Elle a été défaillante dans l'exécution de ces obligations.

La procédure au fond achevée le 1er décembre 2015 la condamne à payer le coût des travaux de finition au syndicat des copropriétaires et diverses indemnités aux copropriétaires qui réclamaient réparation de leurs dommages immatériels.

Les travaux de rénovation avaient été entamés en 2006 et confiés à la société IDBTP ; le chantier à pris fin au plus tard le 15 mai 2006 qui est la date que [P] [H] [E] entend faire qualifier de date de réception et qui, s'il n'y a pas réception, vaudra date de résiliation du marché (les deux notions n'étant pas exclusives l'une de l'autre à certaines conditions).

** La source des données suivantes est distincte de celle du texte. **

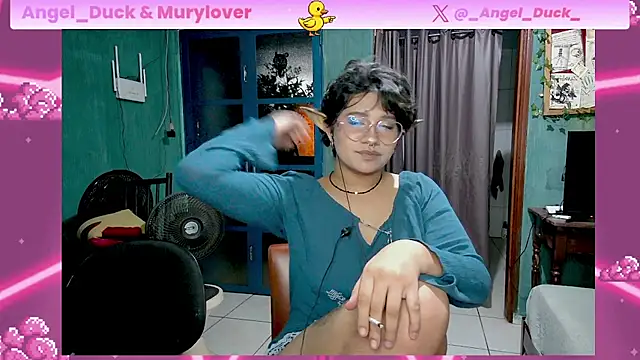 Czat XXX na żywo – Angel_Duck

Une première expertise judiciaire va se dérouler entre [P] [H] [E] et la société IDTP, peu de temps après la fin des relations contractuelles ; réformant une ordonnance de référé rendue le 03 octobre 2006 rejetant la demande du maître de l'ouvrage, la cour, statuant entre [P] [H] [E] et la société IDBTP, a institué une expertise par arrêt du 18 décembre 2006 ; le rapport en a été déposé le 26 février 2008 en lecture duquel le syndicat des copropriétaires a assigné au fond [P] [E] devant le tribunal dès le 28 février 2008. Le libellé de la mission porte sur les comptes entre parties mais aussi sur la conformité des réalisations aux règles de l'art ; il résulte donc du libellé de la mission qui portait sur objet plus large que les comptes à faire, les assignations ont donc bien eu un effet interruptif des actions en responsabilités susceptibles de naître du contrat.

Ce rapport conclut ainsi

- l'entreprise IDBTP a réalisé 113.011,71 euros de travaux au tarif contractuel,

- elle a émis des factures à hauteur de 304.582,46 euros T.T.C

- elle a été payée à hauteur de 195.145 euros,

- par rapport aux travaux réalisés, l'entreprise IDBTP a donc encaissé un trop perçu de 195.145,00 - 113.011,71 = 82.133,29 euros

Le rapport transmis à la cour ne chiffre aucun préjudice pour malfaçons ou inexécutions.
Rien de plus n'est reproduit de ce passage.